Glyph: Graphic Poetry = Trans. Sensory
by Naoko Fujimoto
Tupelo Press ($21.95)
Apollinaire had his calligrams, Patchen made painting-poems, and if you count acrostics as concrete poetry, then the field is older than the Bible. This is to give you a sense of scale for how inventive Naoko Fujimoto’s book Glyph: Graphic Poetry = Trans. Sensory is. Fujimoto has not only created, but also named a new type of poem. She says in the afterword, “During the completion of this book, I challenged my limits.”
The “graphic poetry” in Glyph are colorful, striking collages, written with watercolors, pencils, and ink. The materials in these full-bodied art pieces include birthday cards, origami paper, wrappers, scrap paper, and washi paper; some parts were cut, some were found, but all of them were especially chosen to have “a specific purpose in the work.” The effect is quite unlike any other I’ve experienced reading poetry.
For one example: “I Eat Pig Ears in Cebu” has vertical cutouts of potato peelers made from washi paper, overlapping and bordered by straight lines of more washi paper. The lines of the poem populate the leftover space; “Pick plastic pieces / and make an imaginary / rainbow.” The reader must turn the book all around, sometimes unsure of which line is the next in sequence. Even the title is off to the side; on turning the page, one is immediately confronted with the Warhol-esque doppelganged menagerie of kaleidoscopic potato peelers. The poem is inspired by the poet’s time volunteering for a school for the children of leprosy victims in the Philippines. “As [Gerhard] Richter used a squeegee to scrape off paint, blurring particular parts of his work, I used vegetable peelers to express the wish to scrape a social problem,” Fujimoto explains. Never has a form and message been so uniquely suited, I don’t think.
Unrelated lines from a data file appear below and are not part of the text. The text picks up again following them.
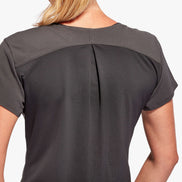 Women's Infrared Performance T-Shirt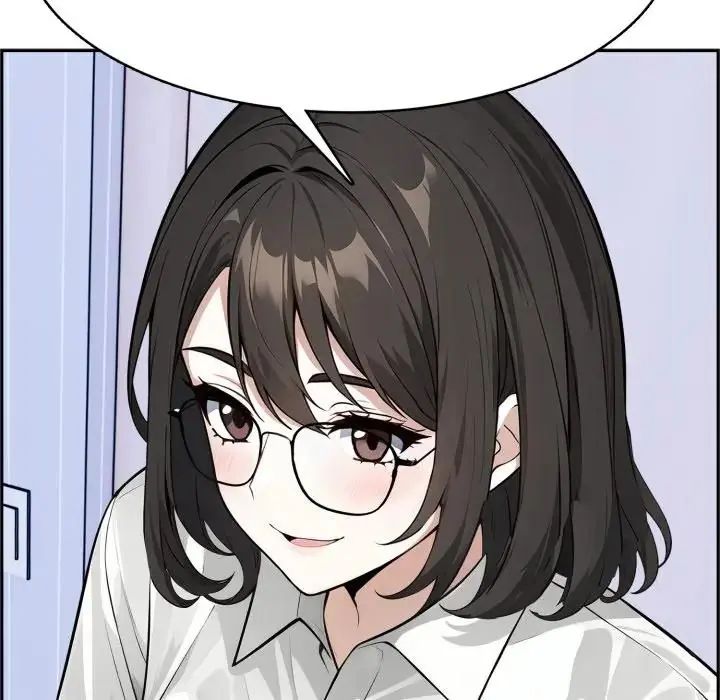 疯狂真爱第3话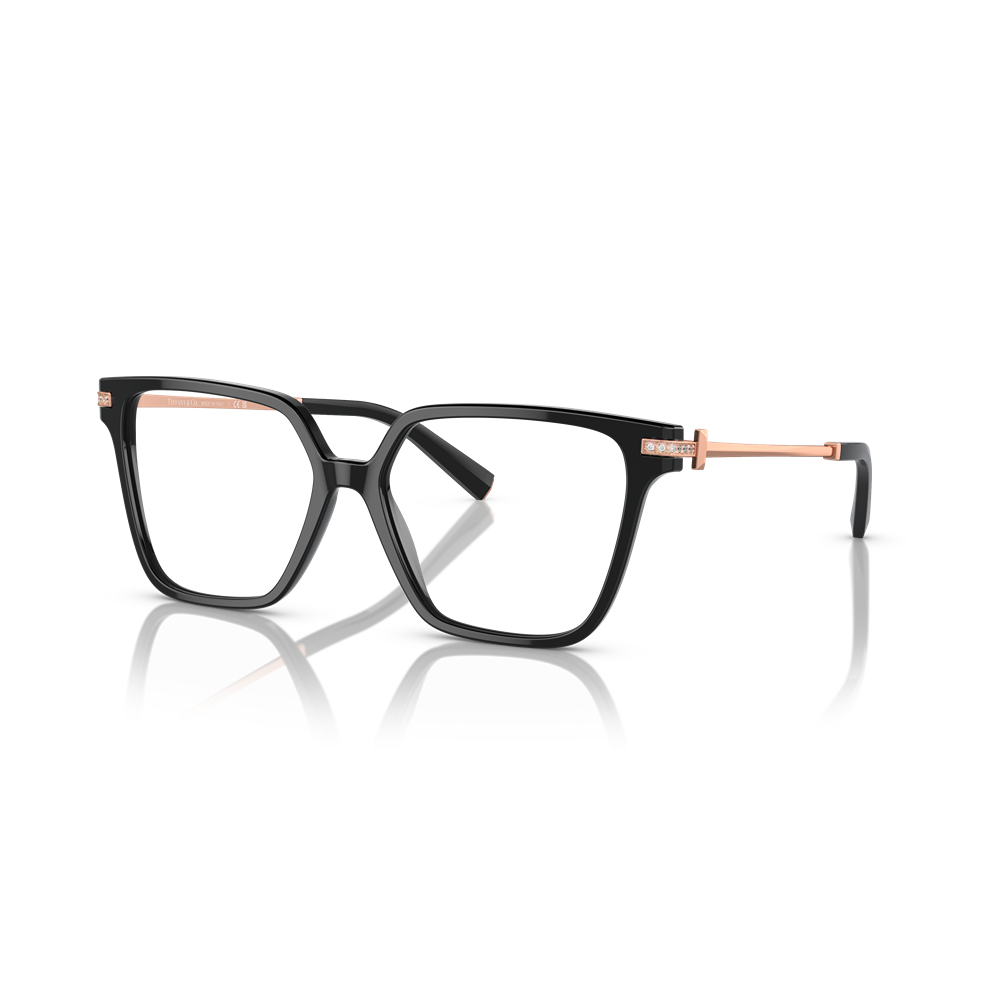 Tiffany & co. eyewear 2234B col. 8001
These graphic poems are stimulating, perhaps overly so. As you are at first invited in with the colors and textures on a page, the real work of reading the words, and connecting them to the images contextually, is difficult. But it is rewarding work. The poet says in the introduction, “my graphic poems contain side stories hidden behind the main narrative—be they comedic or serious—for the viewer to discover and interpret.” Glyph is a work of art to be read and seen over and again.